--- Task item ---
All of the data, except its images, should be set down exactly as it appears.

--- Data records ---
--
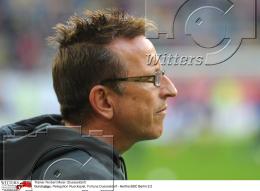Fussball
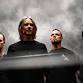 Alter Bridge event image
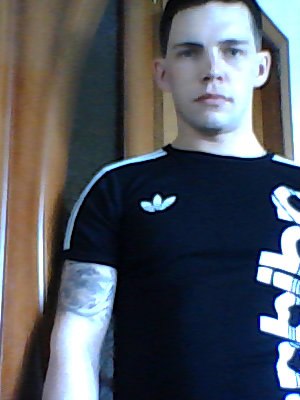 Алексей Алексеев | Казань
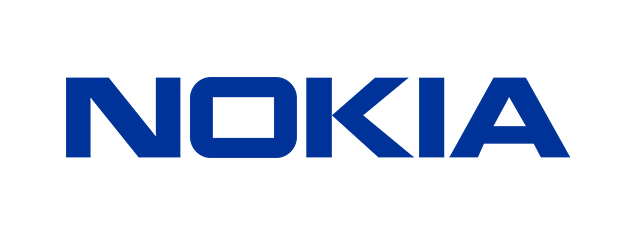 Best Price Brands Products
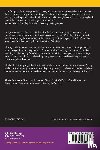 Simones, Lilian - Certificate for Music Educators Guidebook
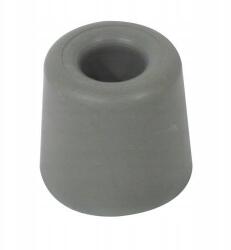  ajtóütköző 50x38mm Še (512411)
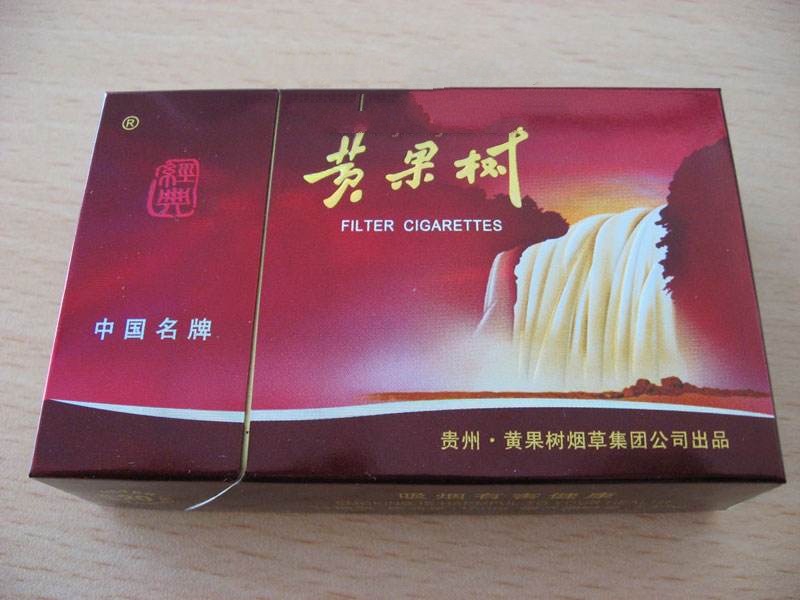 蓝莓爆珠香烟哪里能买到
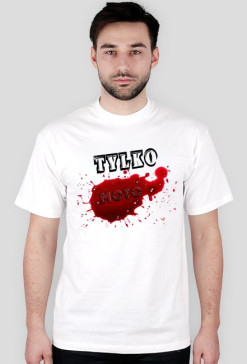Tylko Moto ! M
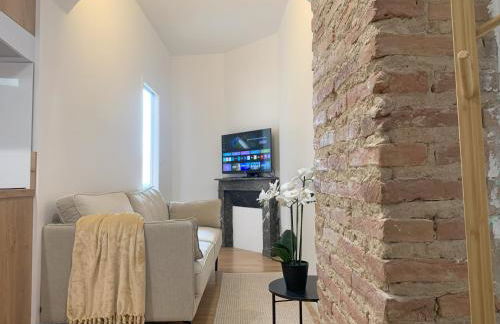 Appartements à Dax - 4 min du Centre-Ville, 12 min de la Gare - Arrivée autonome - Foto 7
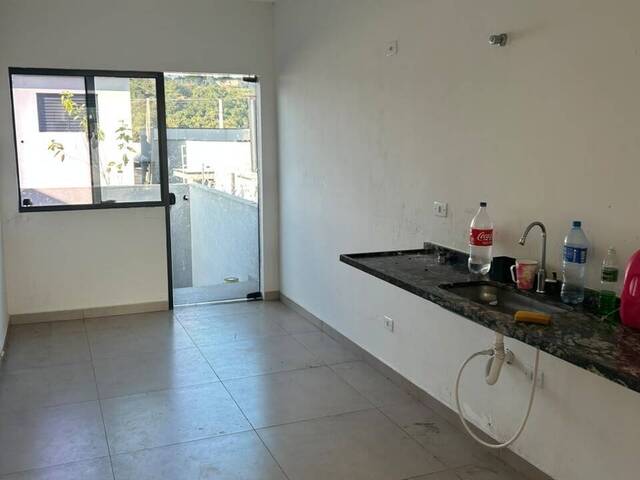 #CS787 - Casa para Venda em Atibaia - SP - 2
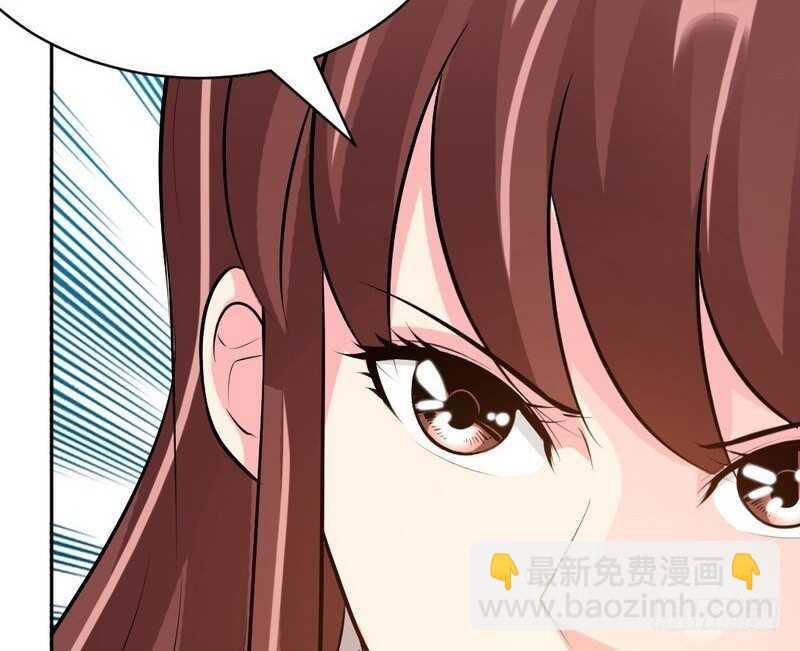 第58话 密林恶战(1/3)-第57话
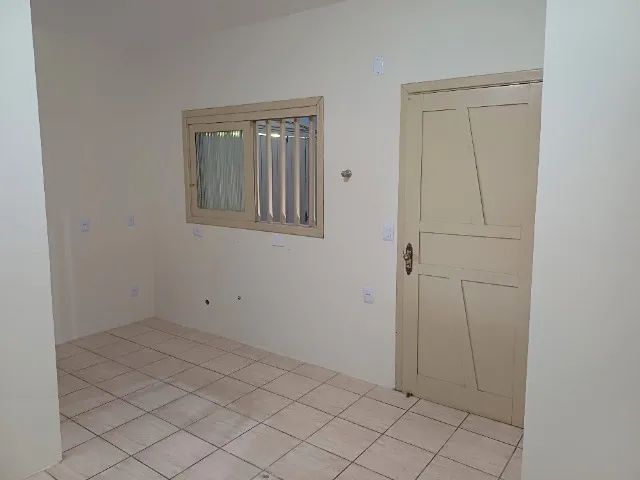 Vendo casa em tramandai  - Foto 3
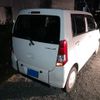 suzuki wagon-r 2010 -SUZUKI--Wagon R DBA-MH23S--MH23S-328372---SUZUKI--Wagon R DBA-MH23S--MH23S-328372- image 9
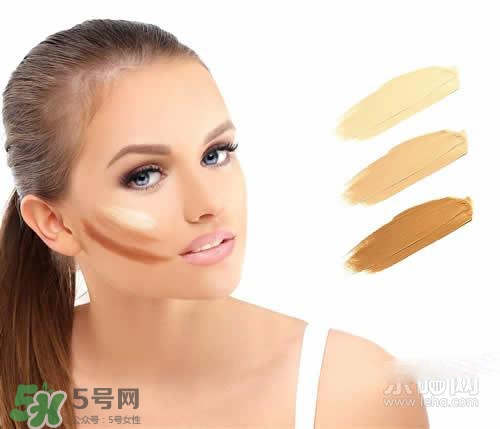 只涂bb霜要卸妝嗎？bb霜不卸妝會(huì)怎樣？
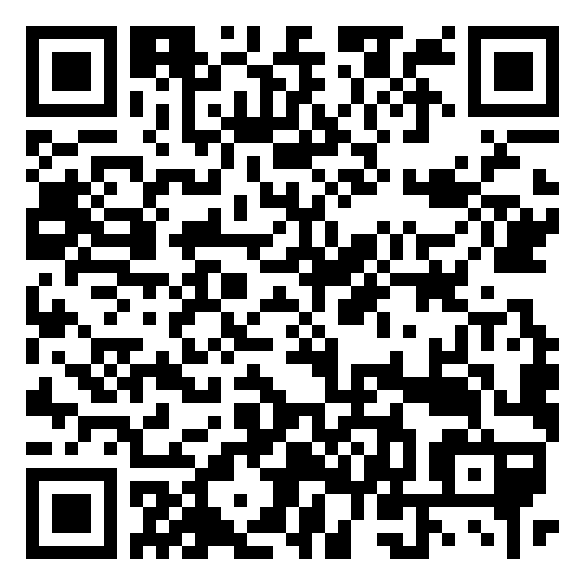 kod QR z danymi kontaktowymi 24171394000000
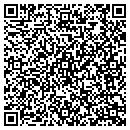 QR code with Campus Web Design contacts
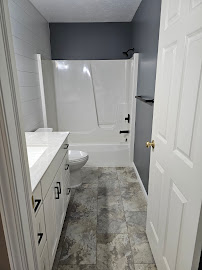 Autumn Plumbing & Remodeling - Photo 2 - Car repair in Lansing, MI, Lansing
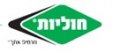 לוגו5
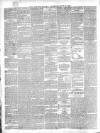 Dublin Evening Packet and Correspondent Saturday 28 July 1855 Page 2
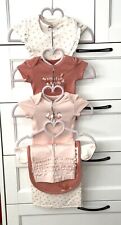 Baby girl layette for sale  Elk Grove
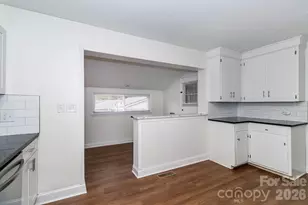 1701 Irma St, Charlotte, NC 28216 - Photo 10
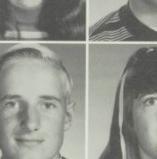 Robert Howell's Classmates profile album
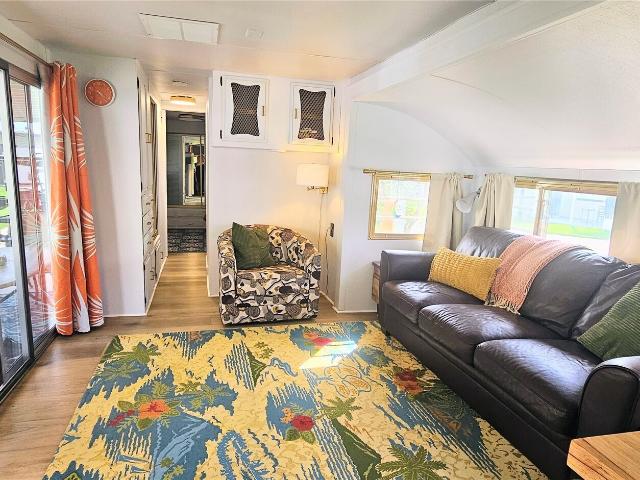 House for sale in Quincy, Washington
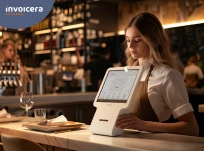 The Role of Restaurant Billing Software in Streamlining Operations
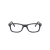 Ray-Ban Brillen RX 5228 5583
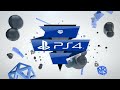 ps4 all access greatness awaits ps4 launch event on november 14th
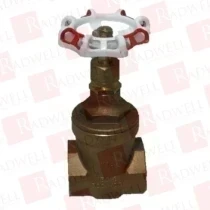 Регулирующий клапан Артикул 298-2 от производителя TOYO VALVE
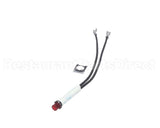 00-294700-004-5 Hobart Pilot Light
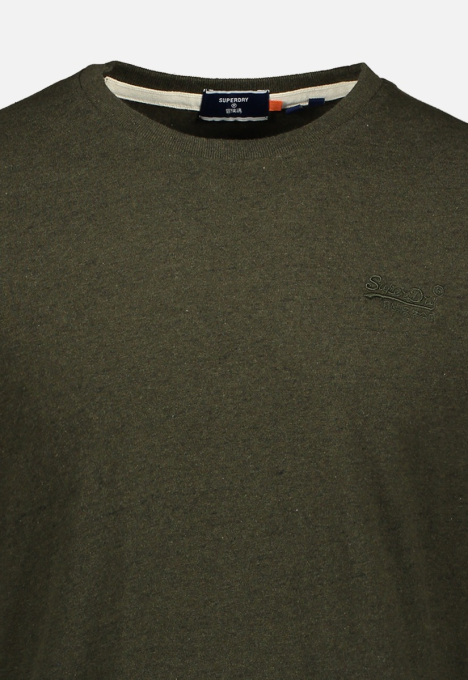 M6010122A T-shirt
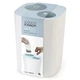 Бак для мусора Joseph Joseph Split 8 л 70505 - изображение 5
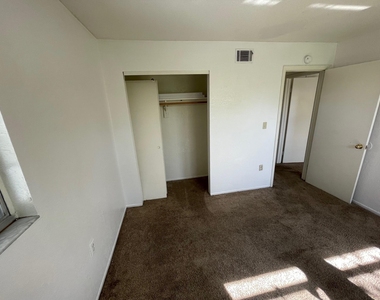 2170 Knox Mcrae Drive - Photo Thumbnail 8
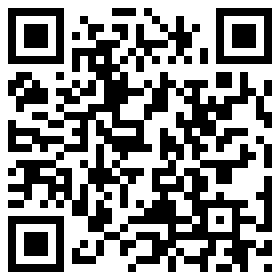 qrcode für RZB 901737.004.2.76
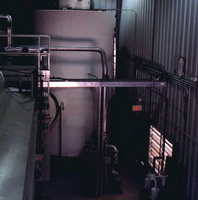 maple_lodge_farms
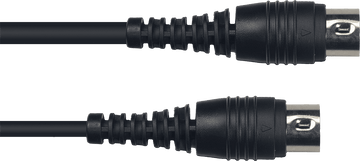 MD05 50 CM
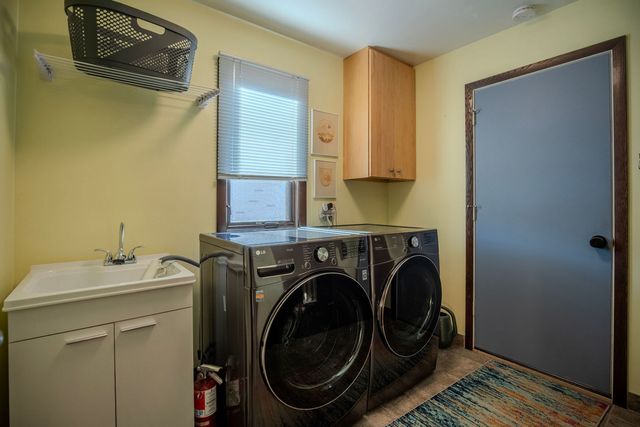 917 Tamer Lane, Glenview, IL 60025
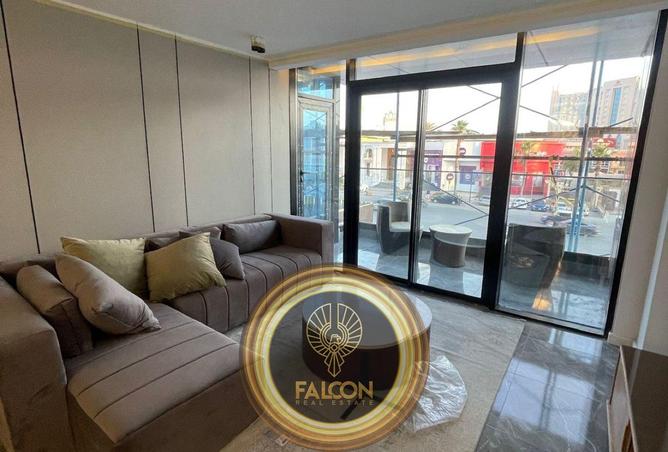 8482476 - Property Image 2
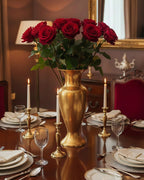Red Velvet Rose Stem was £8.75 Now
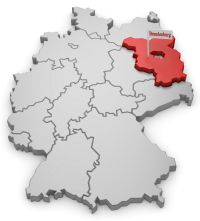 Dobermann Züchter und Welpen in Brandenburg,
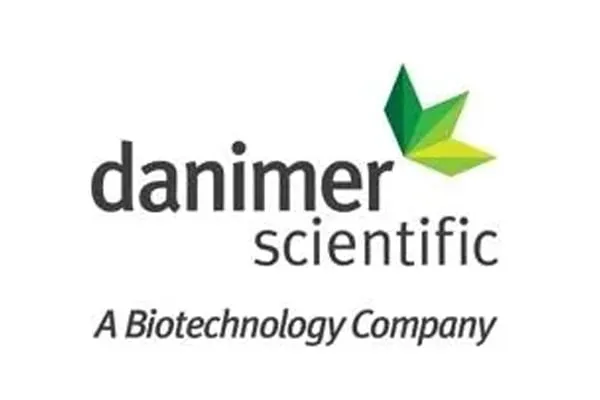Danimer Scientific Appoints Anthony Austin as Chief Human Resource Officer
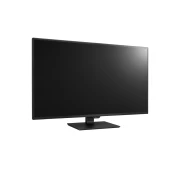 LG 43UN700-B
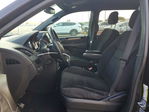 Dodge Caravan 2017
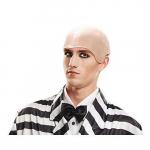 Viving Costumes 202533-nbspKiilaspea (Unikaalne suurus) - Viving Kost&uuml;&uuml;mid202533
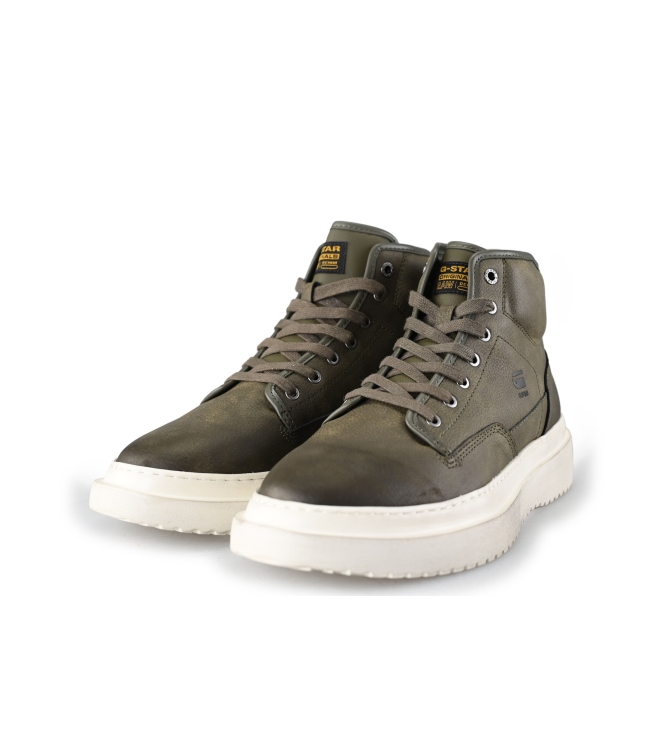 G-Star Hoge Sneakers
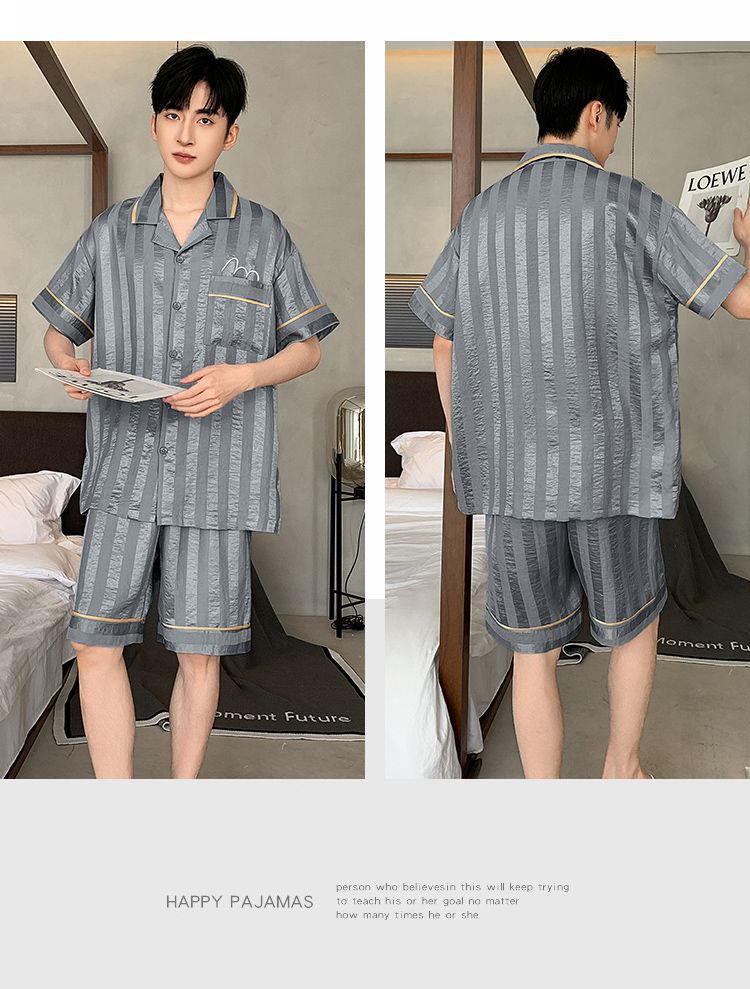 7707【시원한 얼음비단】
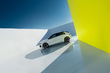 Opel Astra L GSe: Sporty hybrid hatchback photo 2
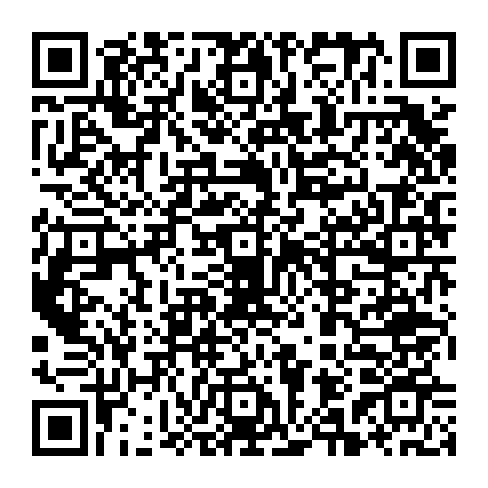 79280252906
--
--- The answer ---
Fussball
 Alter Bridge event image
 Алексей Алексеев | Казань
 Best Price Brands Products
 Simones, Lilian - Certificate for Music Educators Guidebook
  ajtóütköző 50x38mm Še (512411)
 蓝莓爆珠香烟哪里能买到
Tylko Moto ! M
 Appartements à Dax - 4 min du Centre-Ville, 12 min de la Gare - Arrivée autonome - Foto 7
 #CS787 - Casa para Venda em Atibaia - SP - 2
 第58话 密林恶战(1/3)-第57话
 Vendo casa em tramandai  - Foto 3
 suzuki wagon-r 2010 -SUZUKI--Wagon R DBA-MH23S--MH23S-328372---SUZUKI--Wagon R DBA-MH23S--MH23S-328372- image 9
 只涂bb霜要卸妝嗎？bb霜不卸妝會(huì)怎樣？
 kod QR z danymi kontaktowymi 24171394000000
 QR code with Campus Web Design contacts
 Autumn Plumbing & Remodeling - Photo 2 - Car repair in Lansing, MI, Lansing
 לוגו5
 Dublin Evening Packet and Correspondent Saturday 28 July 1855 Page 2
 Baby girl layette for sale  Elk Grove
 1701 Irma St, Charlotte, NC 28216 - Photo 10
 Robert Howell's Classmates profile album
 House for sale in Quincy, Washington
 The Role of Restaurant Billing Software in Streamlining Operations
 Ray-Ban Brillen RX 5228 5583
 ps4 all access greatness awaits ps4 launch event on november 14th
 Регулирующий клапан Артикул 298-2 от производителя TOYO VALVE
 00-294700-004-5 Hobart Pilot Light
 M6010122A T-shirt
 Бак для мусора Joseph Joseph Split 8 л 70505 - изображение 5
 2170 Knox Mcrae Drive - Photo Thumbnail 8
 qrcode für RZB 901737.004.2.76
 maple_lodge_farms
 MD05 50 CM
 917 Tamer Lane, Glenview, IL 60025
 8482476 - Property Image 2
Red Velvet Rose Stem was £8.75 Now
 Dobermann Züchter und Welpen in Brandenburg,
Danimer Scientific Appoints Anthony Austin as Chief Human Resource Officer
 LG 43UN700-B
 Dodge Caravan 2017
 Viving Costumes 202533-nbspKiilaspea (Unikaalne suurus) - Viving Kost&uuml;&uuml;mid202533
 G-Star Hoge Sneakers
 7707【시원한 얼음비단】
 Opel Astra L GSe: Sporty hybrid hatchback photo 2
 79280252906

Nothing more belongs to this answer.